What you’ll be doing:
+ Leading a team of engineers who design and build the core services, pipelines, and storage layers behind NVIDIA’s observability platform.
+ Creating a clear technical direction for the team and supporting work that emphasizes simplicity, performance, and maintainability.
+ Defining the architecture for distributed ingestion services, time-series storage, log and trace pipelines, query paths, and multi-region data flows.
+ Partnering with platform, infrastructure, and application teams to define data models, instrumentation patterns, APIs, and integration standards.
+ Strengthening engineering practices through better tooling, automated tests, schema management, API versioning, documentation, and safe rollout processes.
+ Helping engineers solve distributed-systems issues including ingestion load, indexing pressure, compaction behavior, query fan-out, and replication patterns.
+ Driving predictable execution through clear priorities, collaborative planning, and strong alignment across teams.
+ Representing the observability platform across NVIDIA, gathering feedback, and evolving the system to support future AI workloads.
What we need to see:
+ Bachelors or Master’s degree in Computer Science or a related technical field (or equivalent experience)
+ 8+ overall years building distributed systems, with a focus on observability and monitoring systems, and 3+ years managing or leading engineers.
+ Experience with modern observability stacks such as Prometheus, Thanos, Mimir, Loki, OpenSearch, Jaeger, Tempo, or OpenTelemetry or equivalent experience.
+ Strong foundations in distributed systems concepts including replication, sharding, durability, consensus, and performance tuning.
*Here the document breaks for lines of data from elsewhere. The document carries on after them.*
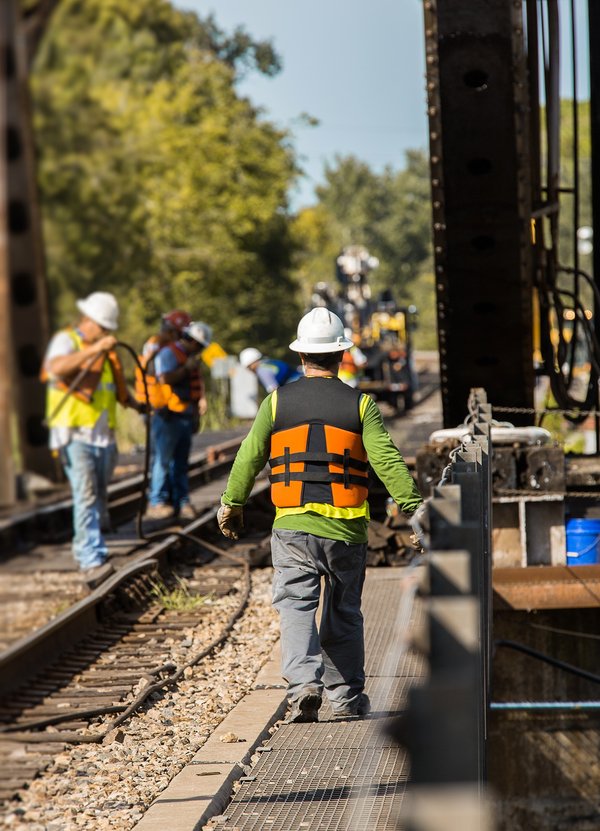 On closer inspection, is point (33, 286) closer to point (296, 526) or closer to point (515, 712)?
point (296, 526)

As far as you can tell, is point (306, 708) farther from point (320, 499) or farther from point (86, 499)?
point (86, 499)

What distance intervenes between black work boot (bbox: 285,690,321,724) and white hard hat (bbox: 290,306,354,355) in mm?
1616

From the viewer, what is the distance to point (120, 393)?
11.0 meters

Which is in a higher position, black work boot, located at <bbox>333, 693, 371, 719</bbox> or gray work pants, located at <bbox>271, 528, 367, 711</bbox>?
gray work pants, located at <bbox>271, 528, 367, 711</bbox>

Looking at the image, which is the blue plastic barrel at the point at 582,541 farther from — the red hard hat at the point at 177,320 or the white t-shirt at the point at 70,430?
the red hard hat at the point at 177,320

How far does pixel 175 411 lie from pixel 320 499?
7.27m

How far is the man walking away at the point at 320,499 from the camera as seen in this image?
6.19 meters

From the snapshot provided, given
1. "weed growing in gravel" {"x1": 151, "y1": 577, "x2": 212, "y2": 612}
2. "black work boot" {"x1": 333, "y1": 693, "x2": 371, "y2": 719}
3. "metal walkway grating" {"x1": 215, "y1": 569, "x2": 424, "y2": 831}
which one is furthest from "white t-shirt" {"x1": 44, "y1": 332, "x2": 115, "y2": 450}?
"black work boot" {"x1": 333, "y1": 693, "x2": 371, "y2": 719}

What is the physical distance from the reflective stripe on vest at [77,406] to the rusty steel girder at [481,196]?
272 centimetres

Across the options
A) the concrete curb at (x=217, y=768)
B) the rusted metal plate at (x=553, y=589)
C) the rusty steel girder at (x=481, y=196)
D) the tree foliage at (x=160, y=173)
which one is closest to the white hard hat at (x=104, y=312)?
the tree foliage at (x=160, y=173)

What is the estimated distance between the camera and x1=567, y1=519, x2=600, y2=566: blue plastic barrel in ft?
31.1

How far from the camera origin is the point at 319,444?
623cm

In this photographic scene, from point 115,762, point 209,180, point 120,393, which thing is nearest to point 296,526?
point 115,762

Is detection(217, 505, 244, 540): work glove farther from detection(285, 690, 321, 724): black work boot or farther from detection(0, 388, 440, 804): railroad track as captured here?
detection(0, 388, 440, 804): railroad track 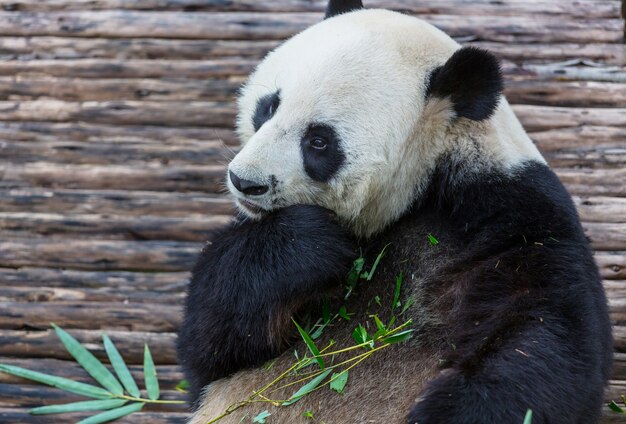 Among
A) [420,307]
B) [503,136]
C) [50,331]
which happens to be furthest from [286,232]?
[50,331]

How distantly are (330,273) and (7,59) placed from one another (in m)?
4.11

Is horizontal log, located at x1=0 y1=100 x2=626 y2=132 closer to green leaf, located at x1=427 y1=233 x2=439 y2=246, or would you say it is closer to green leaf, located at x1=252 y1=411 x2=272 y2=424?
green leaf, located at x1=427 y1=233 x2=439 y2=246

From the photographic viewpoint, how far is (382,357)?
4.16 meters

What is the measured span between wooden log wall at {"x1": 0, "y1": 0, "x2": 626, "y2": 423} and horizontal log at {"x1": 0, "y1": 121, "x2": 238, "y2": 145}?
0.4 inches

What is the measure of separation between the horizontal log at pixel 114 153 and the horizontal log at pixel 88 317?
3.95 ft

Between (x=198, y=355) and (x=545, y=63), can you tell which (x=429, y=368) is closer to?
(x=198, y=355)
+ Hands-on experience designing or scaling ingestion pipelines, time-series engines, trace backends, or log indexing systems, especially in high-cardinality environments.
+ Ability to read and review Go or Python code and support engineers through technical decision-making.
+ Clear architectural thinking with a focus on stable APIs, predictable performance, and long-term evolution.
+ Experience mentoring engineers, improving technical judgment, and contributing to a healthy and inclusive engineering culture.
+ Strong communication skills and the ability to explain complex challenges with clarity.
Ways to stand out from the crowd:
+ Experience building or contributing to an observability or telemetry platform used at significant scale.
+ Contributions to open-source projects such as OpenTelemetry, Prometheus, Loki, Thanos, Tempo, Jaeger, ClickHouse, Mimir, or Elasticsearch.
+ Experience with high-throughput systems like Kafka, Flink, Spark, or large-scale data collectors.
+ Deep knowledge of cardinality management, query performance, storage design, or retention optimization.
+ Experience designing multi-region architectures with a focus on consistency, availability, and data locality.
NVIDIA leads the way in groundbreaking developments in Artificial Intelligence, High-Performance Computing, and Visualization. The GPU, our invention, serves as the visual cortex of modern computers and is at the heart of our products and services. Our work opens up new universes to explore, enables amazing creativity and discovery, and powers what were once science fiction inventions, from artificial intelligence to autonomous cars. NVIDIA is looking for exceptional people like you to help us accelerate the next wave of artificial intelligence.
Your base salary will be determined based on your location, experience, and the pay of employees in similar positions. The base salary range is 224,000 USD - 356,500 USD.
You will also be eligible for equity and benefits (https://www.nvidia.com/en-us/benefits/) .
Applications for this job will be accepted at least until January 11, 2026.
NVIDIA is committed to fostering a diverse work environment and proud to be an equal opportunity employer. As we highly value diversity in our current and future employees, we do not discriminate (including in our hiring and promotion practices) on the basis of race, religion, color, national origin, gender, gender expression, sexual orientation, age, marital status, veteran status, disability status or any other characteristic protected by law.
-